ACTIVITY:
Set down every line of the data exactly, skipping the pictures.

Data extracted from a collection
---+---
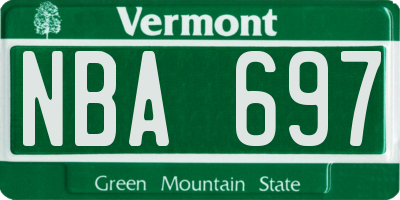 VT license plate NBA697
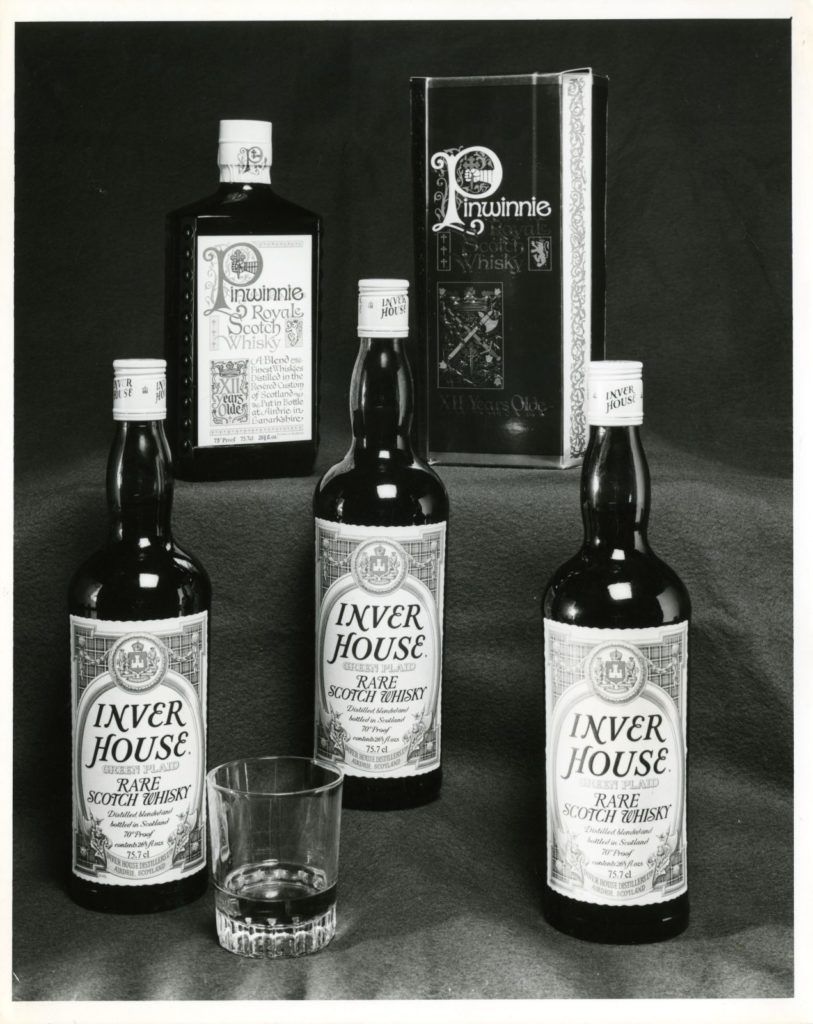 Green Plaid and Pinwinnie Royale Scotch Whisky products made by Inver House Distillers, Airdrie, around 1980
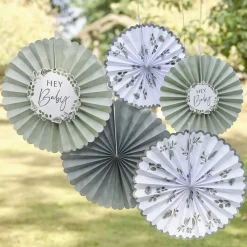 Papieren Waaiers Hey Baby 10cm 4 delig
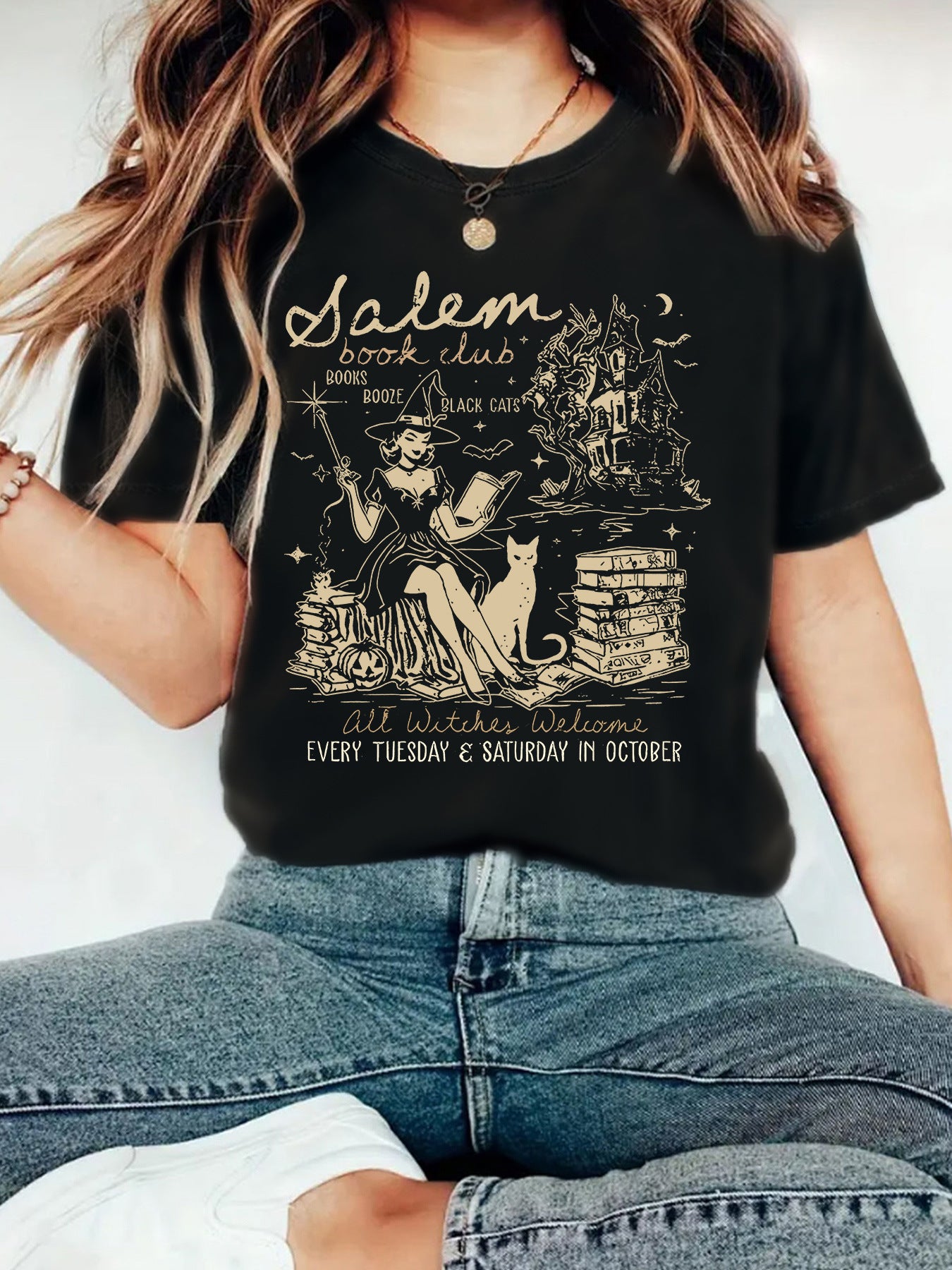 Women's Summer Salem Witch Pattern Halloween Printed Round Neck Women's T-shirt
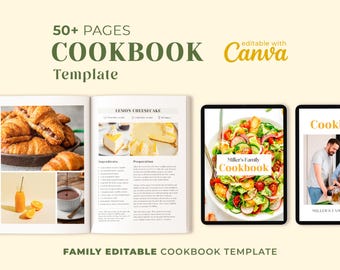 Family Cookbook Template: 50 Page Minimalist Recipe Book, Editable Canva Template (Digital Download)
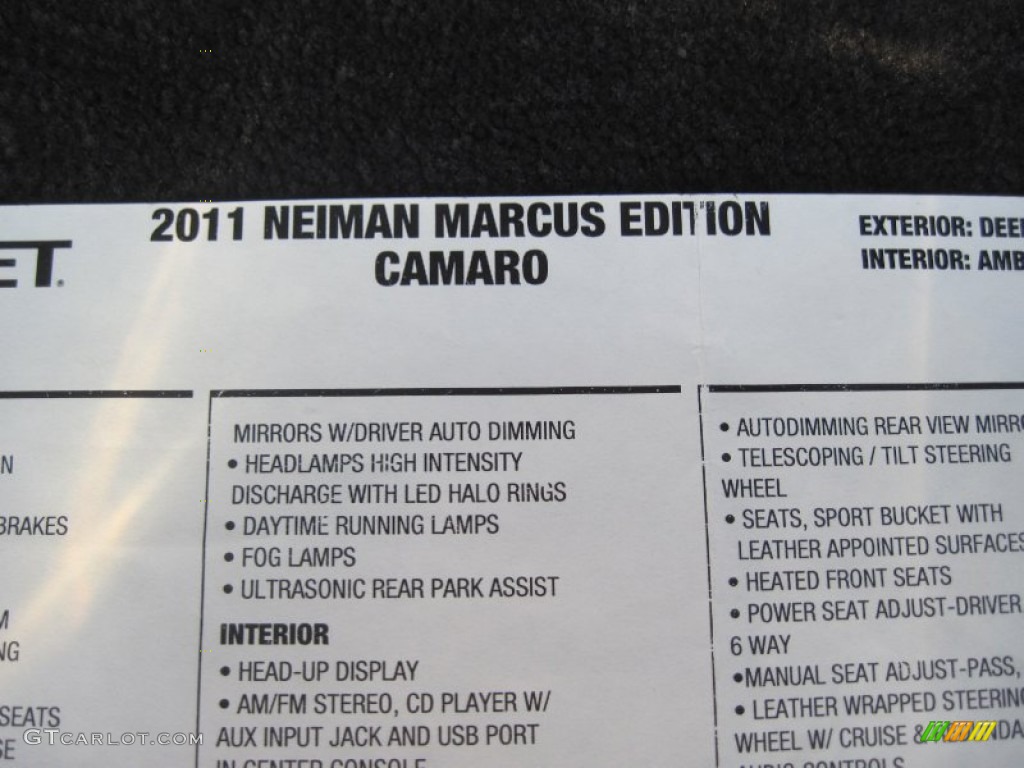 2011 Chevrolet Camaro Neiman Marcus Edition SS/RS Convertible Window Sticker Photo #85126097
---+---
WRITTEN SOLUTION:
 VT license plate NBA697
 Green Plaid and Pinwinnie Royale Scotch Whisky products made by Inver House Distillers, Airdrie, around 1980
 Papieren Waaiers Hey Baby 10cm 4 delig
 Women's Summer Salem Witch Pattern Halloween Printed Round Neck Women's T-shirt
 Family Cookbook Template: 50 Page Minimalist Recipe Book, Editable Canva Template (Digital Download)
 2011 Chevrolet Camaro Neiman Marcus Edition SS/RS Convertible Window Sticker Photo #85126097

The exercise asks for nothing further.